WHAT THIS TASK INVOLVES =
Nothing but the records, repeated word for word and free of pictures, belongs in the answer.

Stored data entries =
---*---

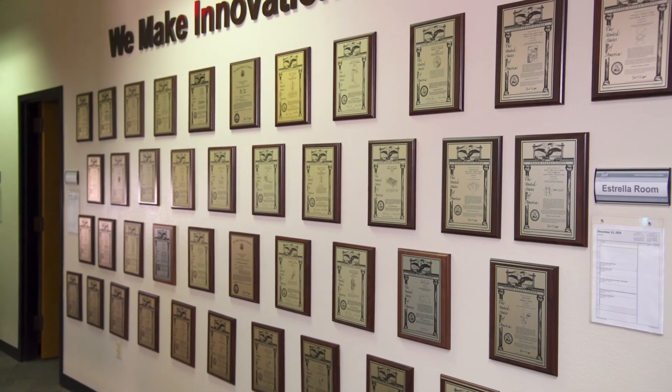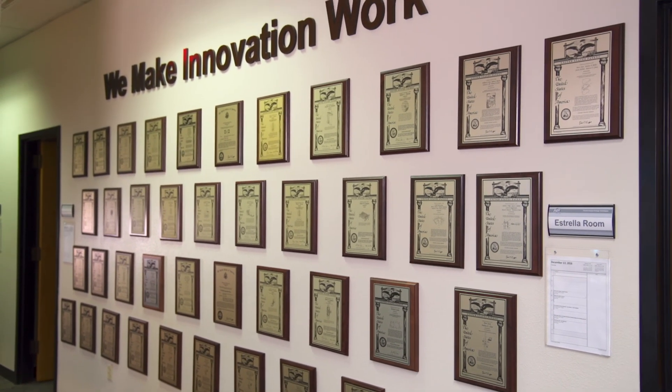At PADT our motto is we make innovation work, and for me to innovate I need to ensure that my machine was designed with the safety of the user in mind. With the M-Lab, Concept Laser has done exactly that, and that is why we trust them and their technology.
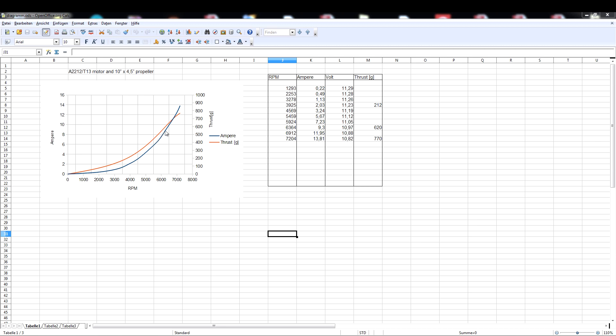With this data I can calculate how heavy a multi-copter can or should be and how long I can fly with it. The data is also important if I want to compare different propellers or motors. Calculating the efficiency of the motor-propeller combination at different rotational speeds is also possible.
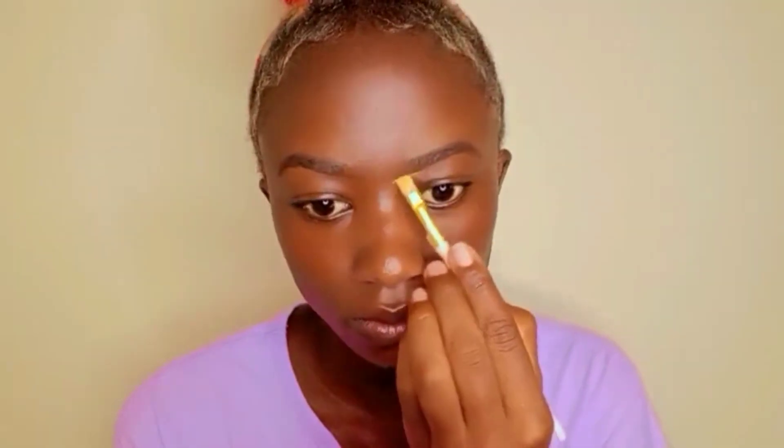First, we're starting with the eyebrows. I'm using the Davis Number 3 eye pencil — make sure it's a sharp pencil. I'm lining the eyebrows and then filling in slightly using the same Davis Number 3 eye pencil, drawing hair-like strands.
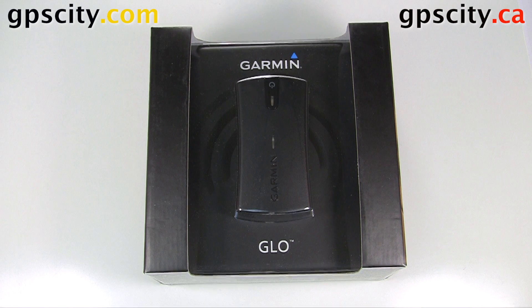Today I'm going to show you what comes in the box of the Garmin Glow. The Garmin Glow is a Bluetooth GPS sensor with GLONASS. GLONASS is the Russian satellite system that rivals GPS, so it's going to give you almost twice as many satellites to track because it can track the two different systems.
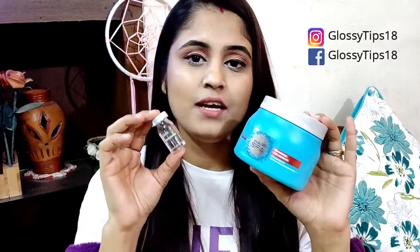So basically, you don't need to spend money in the parlour. I am going to tell you how to use this hair spa and solution. So yes, let's get started.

---*---

OUTPUT FOR THIS TASK =
At PADT our motto is we make innovation work, and for me to innovate I need to ensure that my machine was designed with the safety of the user in mind. With the M-Lab, Concept Laser has done exactly that, and that is why we trust them and their technology.
With this data I can calculate how heavy a multi-copter can or should be and how long I can fly with it. The data is also important if I want to compare different propellers or motors. Calculating the efficiency of the motor-propeller combination at different rotational speeds is also possible.
First, we're starting with the eyebrows. I'm using the Davis Number 3 eye pencil — make sure it's a sharp pencil. I'm lining the eyebrows and then filling in slightly using the same Davis Number 3 eye pencil, drawing hair-like strands.
Today I'm going to show you what comes in the box of the Garmin Glow. The Garmin Glow is a Bluetooth GPS sensor with GLONASS. GLONASS is the Russian satellite system that rivals GPS, so it's going to give you almost twice as many satellites to track because it can track the two different systems.
So basically, you don't need to spend money in the parlour. I am going to tell you how to use this hair spa and solution. So yes, let's get started.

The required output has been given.